**** Dataset excerpts ****

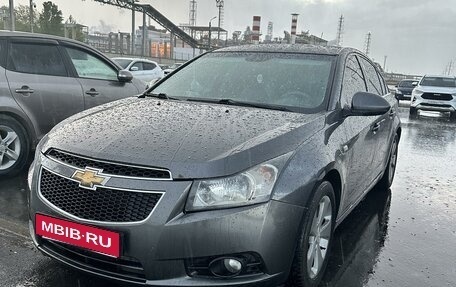 Chevrolet Cruze II, 2010 год, 750 000 рублей, 1 фотография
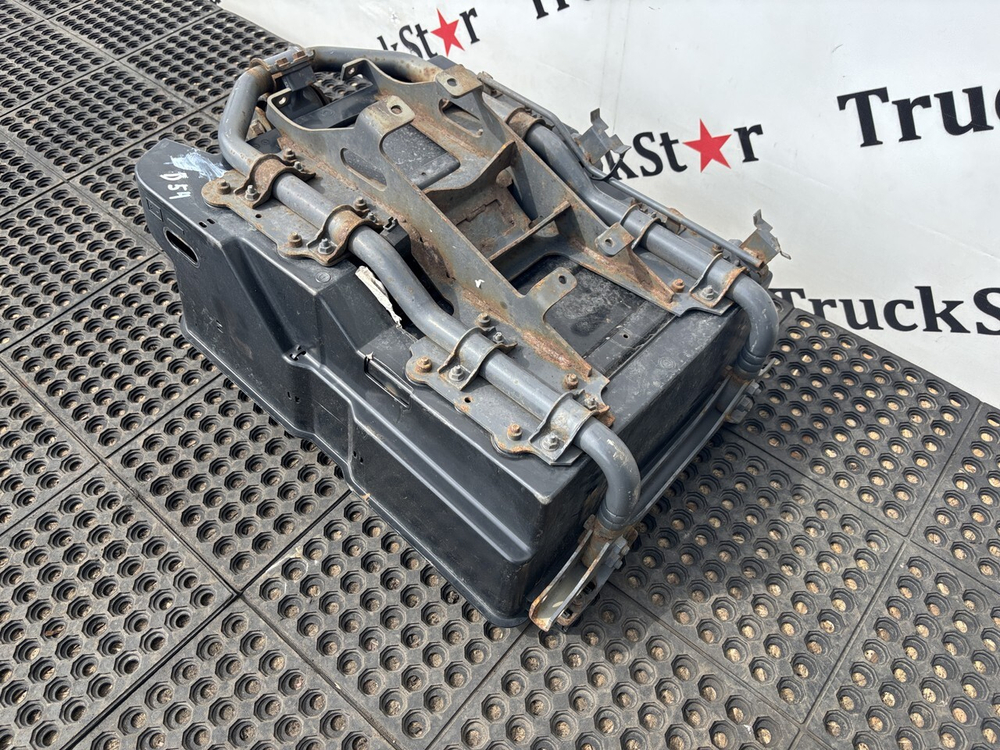 Ящик АКБ  2018г.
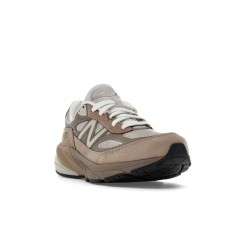 New Balance 990v6 MiUSA Driftwood Timberwolf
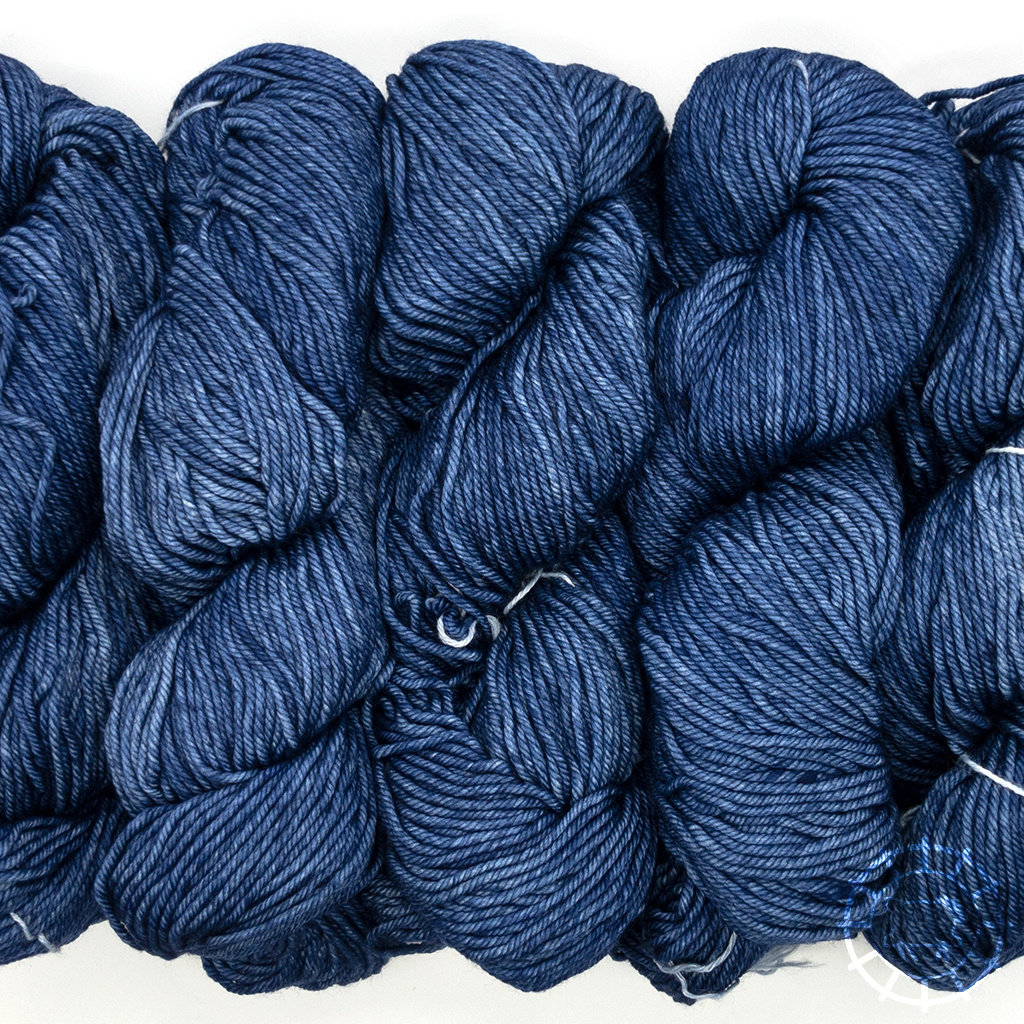 «Malabrigo Yarn» Rios – Blue Jean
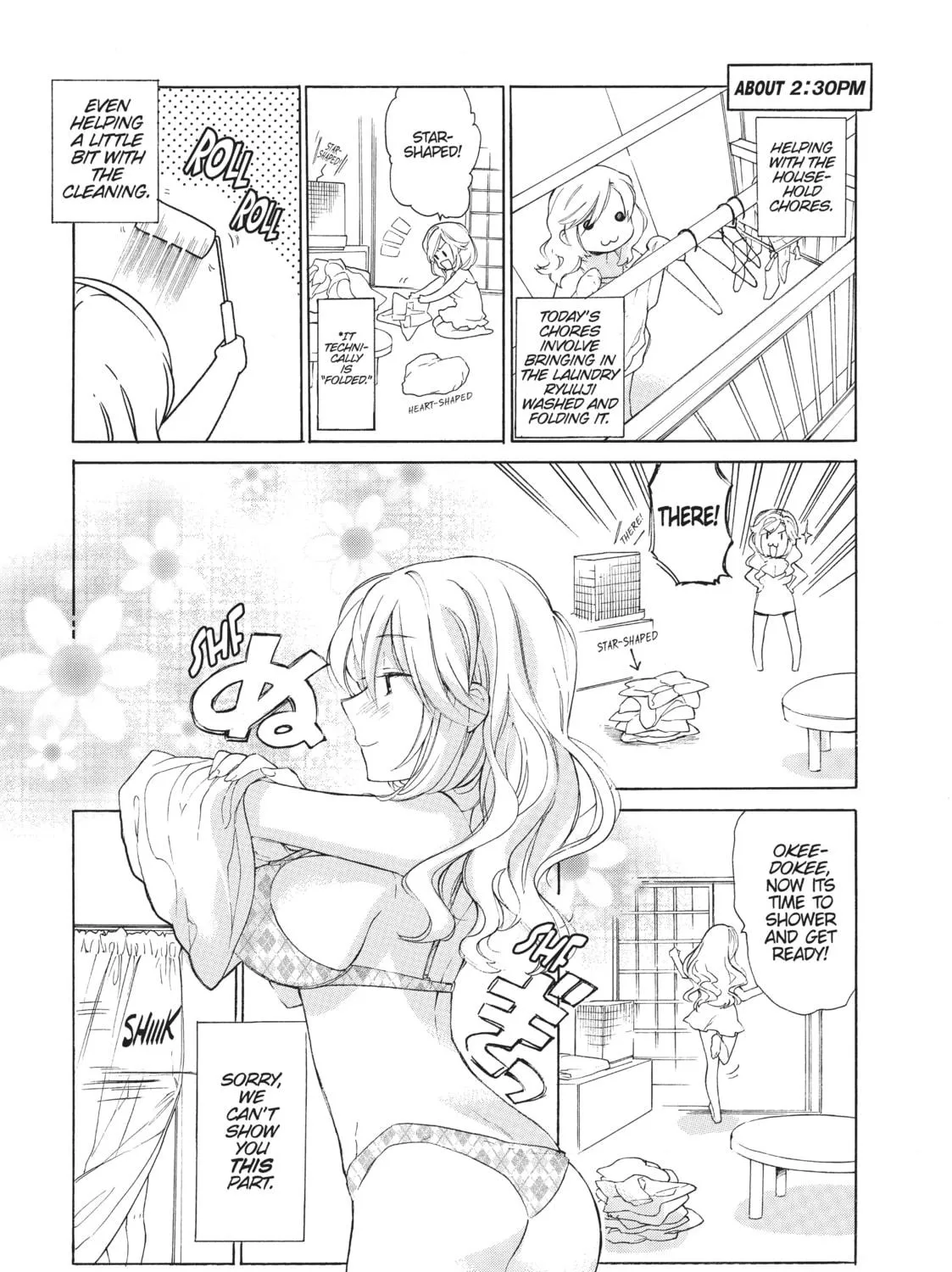 Read Toradora! chapter 6.5 image 8 on Lezhin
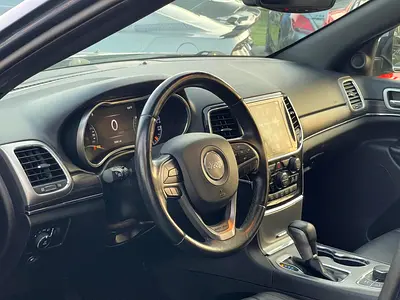 Jeep Grand Cherokee Limited, миниатюра 11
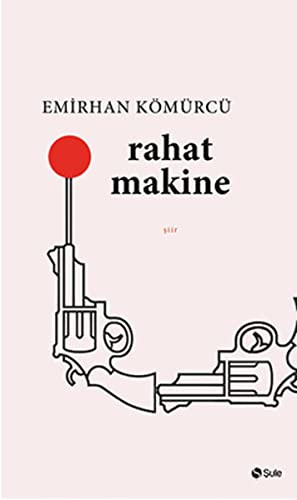 Rahat Makine kitap kapağı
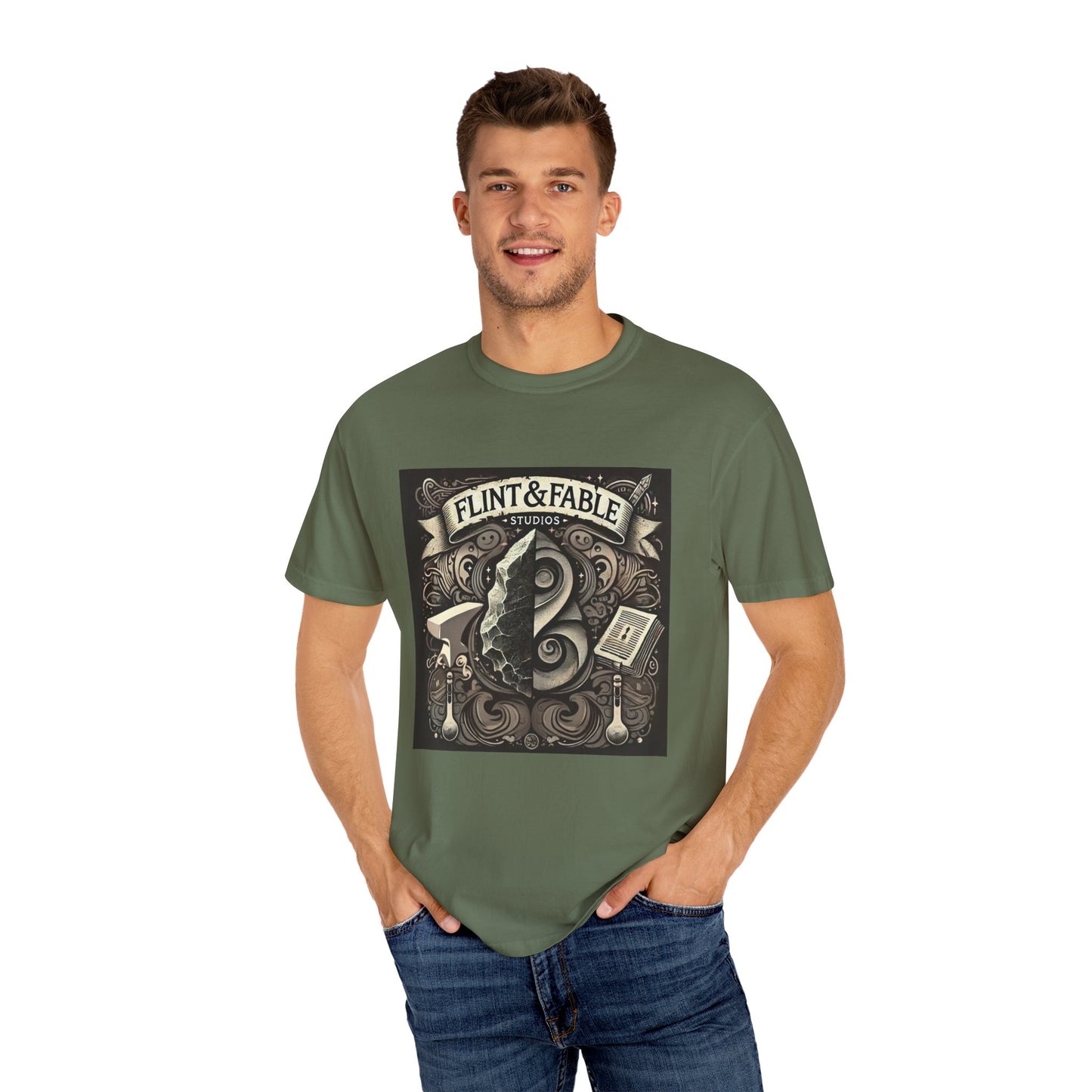 Duality Logo Tee - Unisex T-shirt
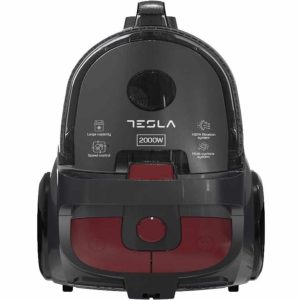 Tesla Usisivac TESLA BGL501EU 800W/sa posudom/crna-crvena - Slika 2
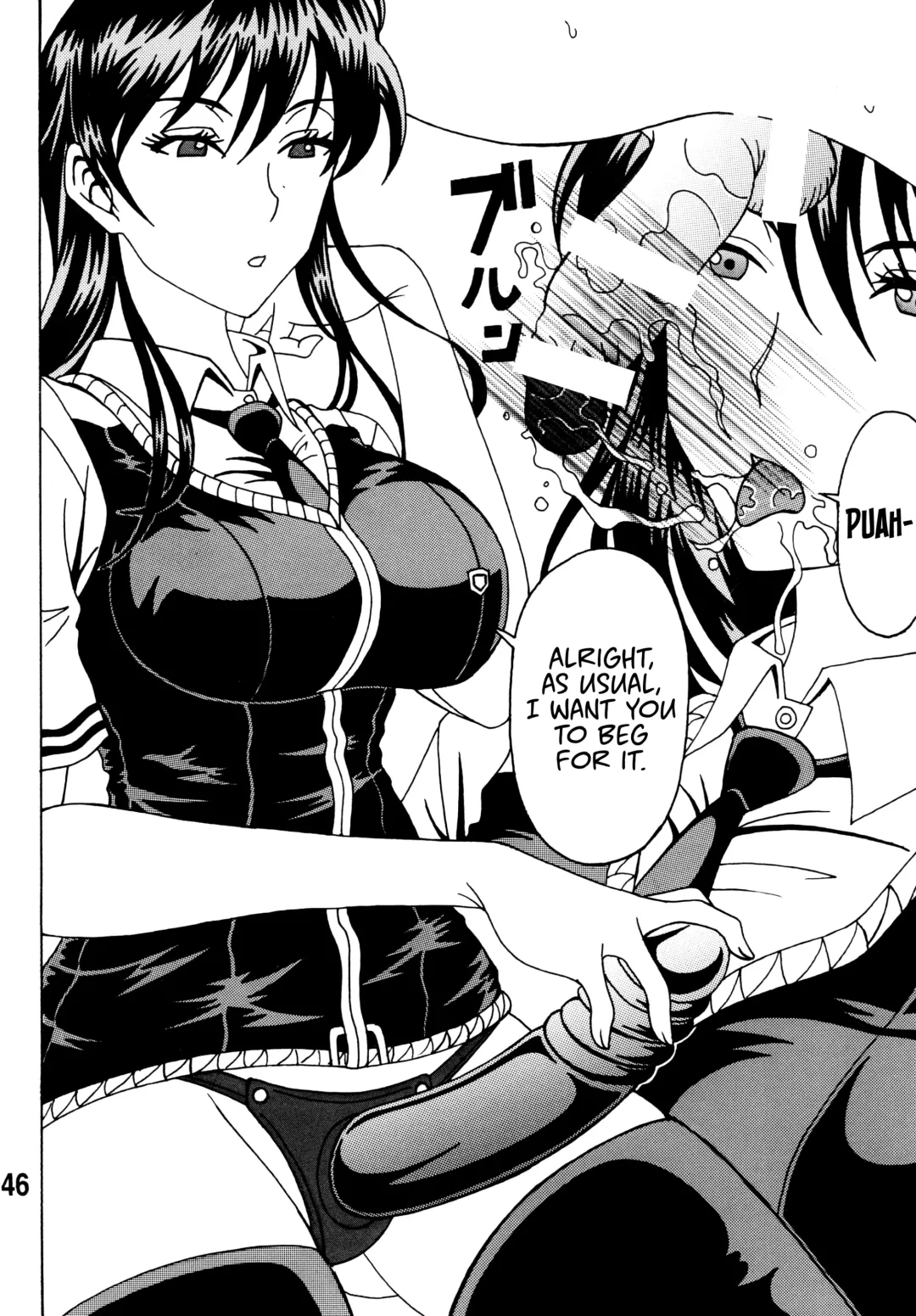[Souma Monooki2tsu Tokage] Bitch Craft Works Fhentai - Page 46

****

Required work: Print the data above verbatim from the first line through the line holding "Rahat Makine kitap kapağı", leaving every picture out.

Answer section:
 Chevrolet Cruze II, 2010 год, 750 000 рублей, 1 фотография
 Ящик АКБ  2018г.
 New Balance 990v6 MiUSA Driftwood Timberwolf
 «Malabrigo Yarn» Rios – Blue Jean
 Read Toradora! chapter 6.5 image 8 on Lezhin
 Jeep Grand Cherokee Limited, миниатюра 11
 Rahat Makine kitap kapağı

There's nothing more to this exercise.